I read this book when it first came out several years ago and gave it a rather low rating. Since I’m focusing on the Olympics on the blog while Tokyo 2020 is going on, I wondered why I had rated it so low. Audible included the book with my membership so I decided to listen to the book. I definitely think it’s better than I originally thought all those years ago.

Shannon relates her gymnastics career in great detail for the first 2/3 of the book. She has a fantastic memory, or relied on journals, to remember every major competition, every injury, every mistake, and every medal she won. The problem I had was that she was rather clinical with her recitations of these facts. There wasn’t a lot of introspection or dwelling on her feelings about things. It’s just put out there with no emotion. That’s not to say that racking up all those medals wasn’t interesting, but I wanted more. I get it, maybe she wanted to maintain some privacy, but then, why write a book?

Much time was spent on the 1992 Barcelona Olympics, where Miller came out of nowhere to upset U.S. favorite Kim Zemeskal and every other gymnast with five medals at those games. And then, of course, Shannon discusses her time as part of the Magnificent Seven gymnasts who won team gold at the 1996 Atlanta Olympics. I had forgotten that in 2000., Miller had even made a half-hearted attempt to make the United States Olympic team heading to Sydney. But age and injuries had taken their toll and she took a tumble on the vault at the Olympic trials and decided to withdraw.

Shannon spends little time discussing her first marriage. In fact, if you’re not paying attention closely, you may miss it entirely. Then Miller walks us through her college and law school career, as well as meeting her second husband, John, ultimately marrying him in 2008.

Shannon was diagnosed with germ cell ovarian cancer in 2011, a month after doctors removed a cyst from one of her ovaries. She spent some time discussing how, as many young moms do, she had stopped paying attention to her body and it’s cues. It’s a miracle the doctors caught the cancer when they did, because statistics show that 50% of those diagnosed with ovarian cancer die from the disease. She went through three cycles of chemo and was declared cancer-free a year later.

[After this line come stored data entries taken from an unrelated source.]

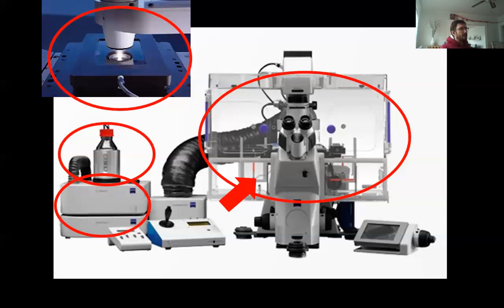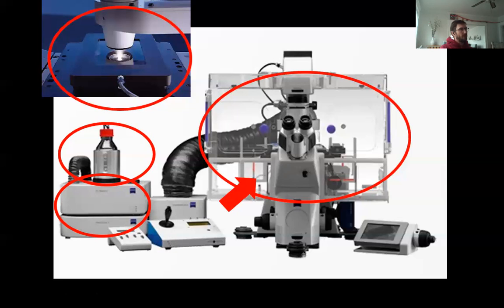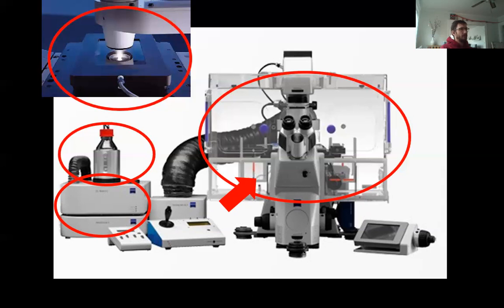Most of our microscopes also have a small black box on the side — that's our automatic focus unit. This allows us to compensate for any thermal drift that may occur while we're imaging. These are the basic components of a good live cell imaging setup.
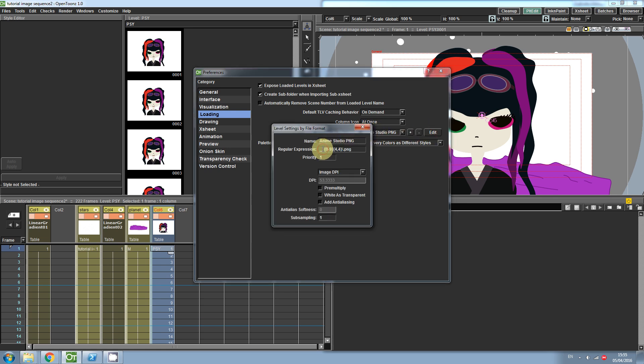Here I have customized it so it will accept files which are named underscore followed by four digits, which are between zero and nine.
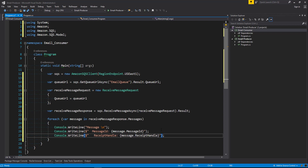Every time you receive a message from a queue, you receive a receipt handle for that message. This handle is associated with the action of receiving the message, not with the message itself. To delete the message or change the message visibility, you must provide the receipt handle, not the message ID. Thus, you must always receive a message before you can delete it — you can't put a message into the queue and then recall it. If you receive a message more than once, each time you receive it you get a different receipt handle, and you must provide the most recent receipt handle when you request to delete a message.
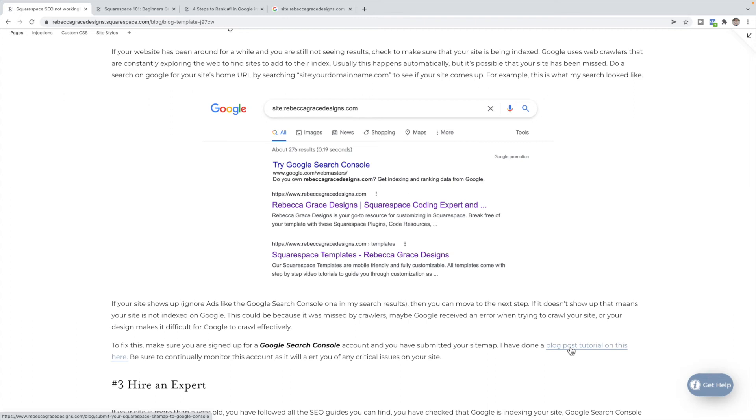So if your site has been around for a while and you're not seeing any SEO results, check the indexing. If it shows up, you know it is indexing and that you're missing some sort of strategy to help you rank higher. If it's not indexing, make sure that you get a Google Search Console account, submit your sitemap and force it to crawl and see if there's any sort of errors that are popping up.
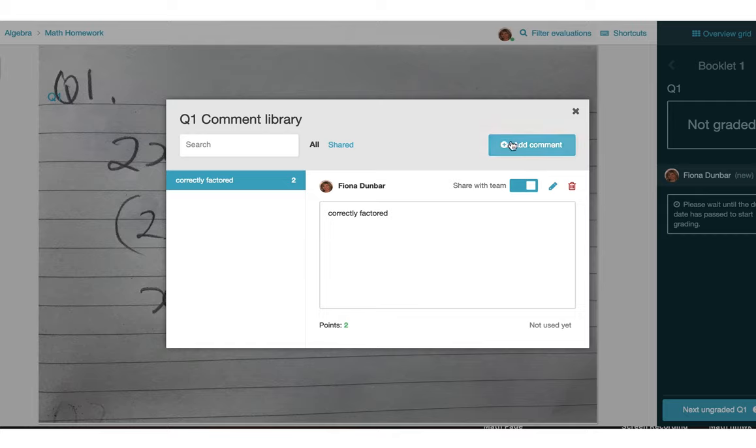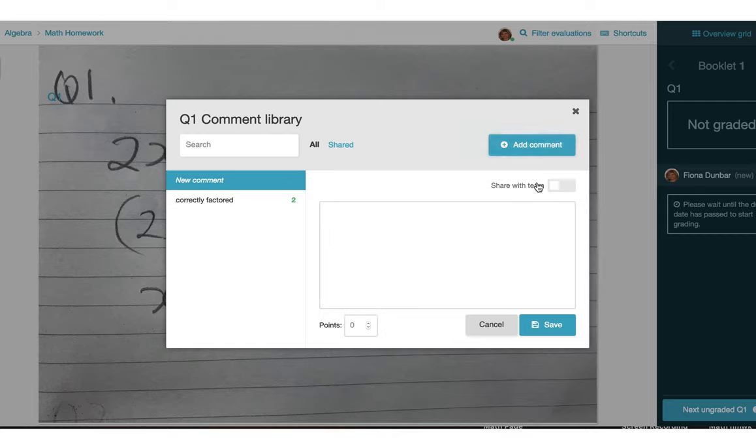So I'll save that and it's going to store that here on the left hand side. Let's add another one, perhaps with a negative point attached to it.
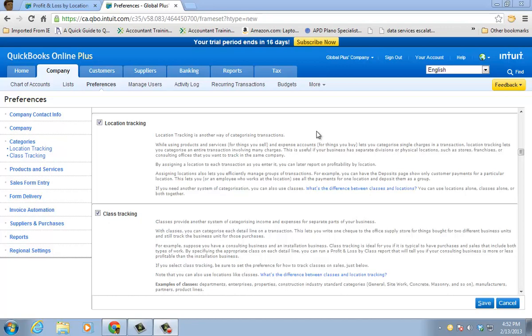There are two different types of class tracking. If you're used to the desktop products, you're used to class tracking. If you're new to the QuickBooks realm, profitability is key in knowing which department is more profitable than the other. And this is where we have class and location tracking.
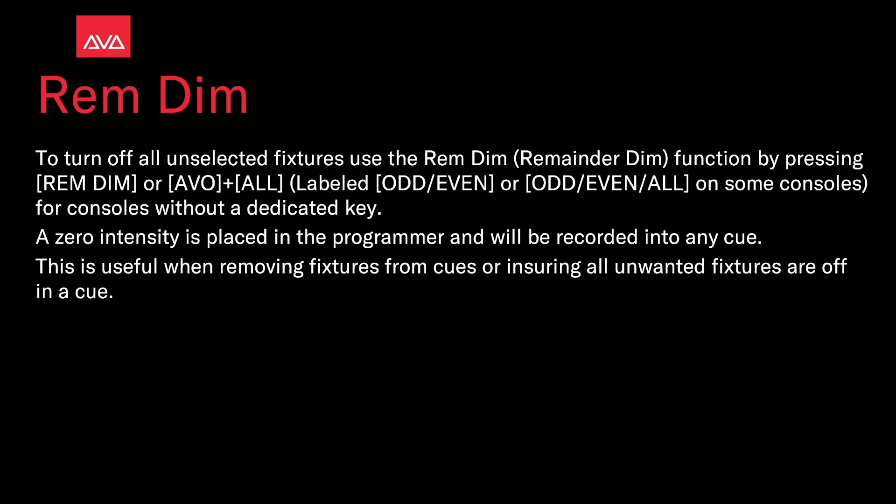plus All, labeled Odd/Even or Odd/Even/All on some consoles. For consoles without a dedicated key, a zero intensity is placed in the programmer and will be recorded into any cue. This is useful when removing fixtures from cues or ensuring all unwanted fixtures are off in a cue.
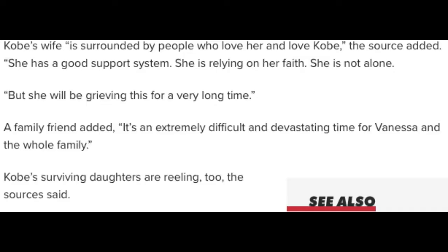The source added: 'She has a good support system. She is relying on her faith. She is not alone, but she will be grieving this for a very long time.' A family friend added: 'It's an extremely difficult and devastating time for Vanessa and the whole family.' Kobe's surviving daughters are reeling too, the source said.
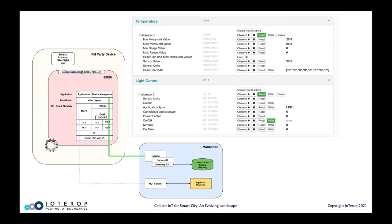Here's an example: a modem or SOC with an embedded stack, a third-party device that might have a sensor, actuator, streetlight, or whatever, with some interfaces to it. It communicates with the cloud through a Lightweight M2M server using very well-defined objects and functions that can be performed with those objects.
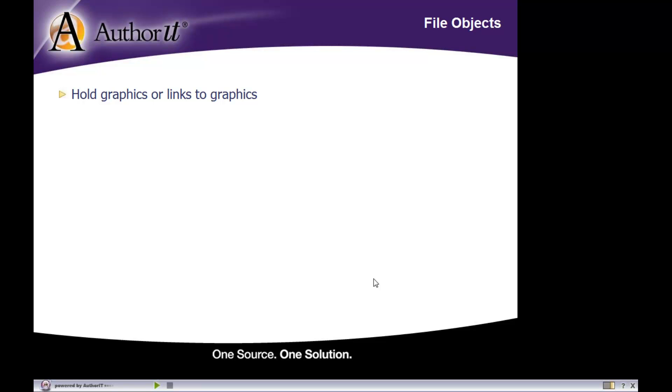They are primarily used for holding graphics. Alright, and they are either containers for graphics or they simply link to graphics that exist somewhere on your network.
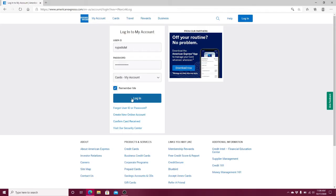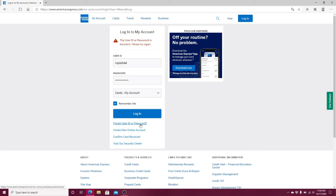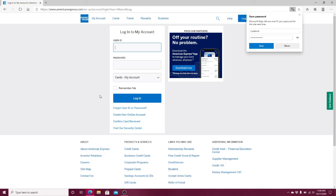Finally, click on the login button. In case you forgot your user ID or password, click on Forgot user ID or password. Doing this will help you retrieve your user ID and password if you follow the instructions well. That is how you can easily log into American Express.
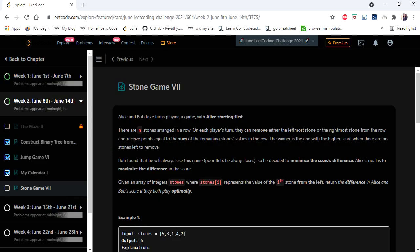Hello everyone! Welcome to Kodis Camp. We are at the 11th day of June League Code Challenge and the problem we are going to cover in this video is Stone Game 7.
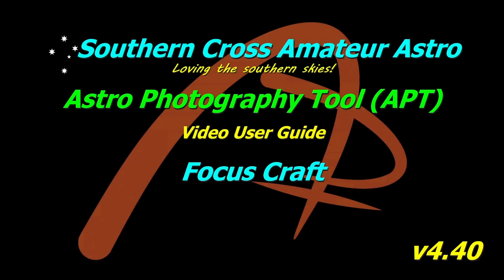Hi all and welcome to Southern Cross Amateur Astro and our video user guide for APT where this time we're going to be taking a look at Focus Craft.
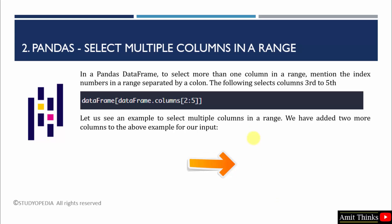In the second example, what we will do? We will select multiple columns in a range. Let's say we want columns from third to fifth. For that, mention the following: two colon five. We have used the DataFrame.columns for this. Let us understand this with an example.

Miller spends the last part of her book discussing her current businesses, and the way it’s written makes it feel more like a marketing book than a memoir. My guess is that’s why I graded the book so low when I originally read it. Combatting childhood obesity is a good cause, and it’s something Shannon has dedicated her philanthropic pursuits to.

This is the 53rd Audiobook I’ve listened to as part of my 2021 Audiobook Challenge.